The aforementioned neck injury forced Wood to withdraw from last month’s Aberdeen Asset Management Scottish Open at Castle Stuart without being able to hit a ball in anger. Even though he made it to the starting gate in the Open at Royal Troon the following week, he only lasted 12 holes. “Obviously July wasn’t a great month for me with my neck,” he admitted. “I tried to give it a go at the Open but, as I was warming up on the Thursday, they had a big TrackMan TV on the range and, due to the fact I was only able to make half backswings, it showed I was only carrying my driver 190 yards, which is embarrassing. But then last Wednesday at the US PGA, I didn’t have any pain when I played nine holes, so hopefully I’m over that now.”

As the top seed and highest-ranked player in the field, Wood will be expected to beat Rumford. According to the title favourite, though, he has landed a potential banana skin for his opening test. “I’ve got quite a tough game against Rummy,” insisted Wood. “There’s quite a lot of run offs around the greens on the golf course [the Fidra Links]. We all know Rummy’s got one of the best short games on Tour, so it will feel like he’s never out of the hole. It will be a good one to win tomorrow, then get a little bit of momentum building throughout the week and hopefully go on a good run. Everybody is saying that I’m there [in the battle for those nine automatic Ryder Cup spots], but for me, until it’s set in stone and there’s a line under the qualifying, I’m not. I don’t want any intensity to drop, so I am really just giving everything trying to make the team.”

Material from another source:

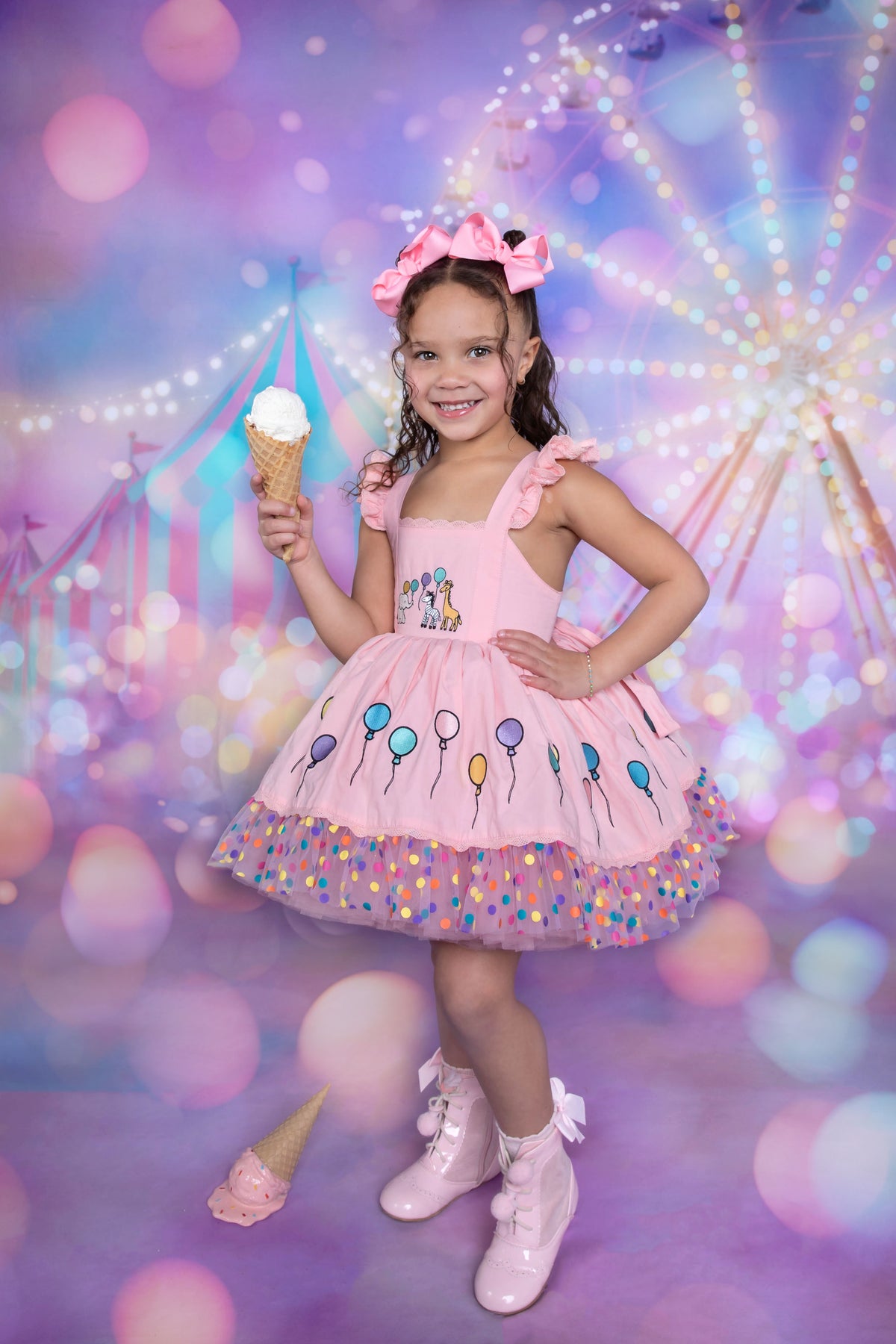 Robe Parade en Rose – Robe Boutique Fille Coton Brodé à la Main d'inspiration Vintage | Style Héritage Dentelle Tulle Volants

Should Fitzpatrick, who faces Ryder Cup vice captain Thomas Bjorn in the first-round, do that, it would be some achievement at the age of 21. It was only last year that he was a rookie on the European Tour, yet he goes about his business, both on and off the course, like a seasoned veteran. Three missed cuts in a row prior to finishing 49th in the US PGA Championship at Baltusrol showed he is feeling the Ryder Cup heat. At the same time, though, the Sheffield lad seems to have an inner calmness that makes you believe he can get to the finishing line where he needs to be. “I think so,” replied Fitzpatrick when asked if Clarke, inset above left, had been right when he suggested recently that the Hazeltine hopeful had been guilty of trying too hard as he made early exits in the French Open, Scottish Open and the Open before returning to form with a 67 in the last round of the season’s final major on Sunday in New Jersey. “I don’t know whether he can factually prove that, but it’s certainly been the case. I don’t want to blow my own trumpet or anything like that, but I really feel like I work pretty hard at my game, try to do the right things schedule-wise and try to be as good as I can be. Sometimes, though, trying too hard just holds you back. Sometimes when you want to achieve something so much, it almost can get in the way and I think that’s been the case with me. I’ve just got to try and relax over these next three or four weeks

“I’d be delighted obviously to make the team and it would certainly give perspective of how far I’ve come. It’s happened so fast that I think you almost expect it to keep going that way, and it’s not true. I’ve had a win this year, but, in all honesty, I’ve not had a good year.”

Really? Making three of the four cuts in the majors, including a seventh-place finish in the Masters, two wins in the Ryder Cup qualifying campaign, a second, three thirds and almost having a 59 would surely suggest otherwise.

“When you put it like that, it sounds pretty good,” he admitted, with his boyish smile. “I’m sure all golfers are the same, but yo u get stuck in the present; and you don’t think about, A, what you’ve done before, and what you know you can achieve; and B, what you’re working towards in the future. I think that’s certainly me. The last eight, nine weeks are just being reactive to how I’ve been playing, when I feel like the game has not been far away. I’ve not changed anything or anything, but sort of getting down on myself, missing the cut by one, not having the rub of the green, missing a couple short ones. All things that if you get on the right side and it all goes your way, before you know it, you’ve had three great results. Hopefully for me, after last week, I can just get on a bit of a run now and make the final push for the Ryder Cup.”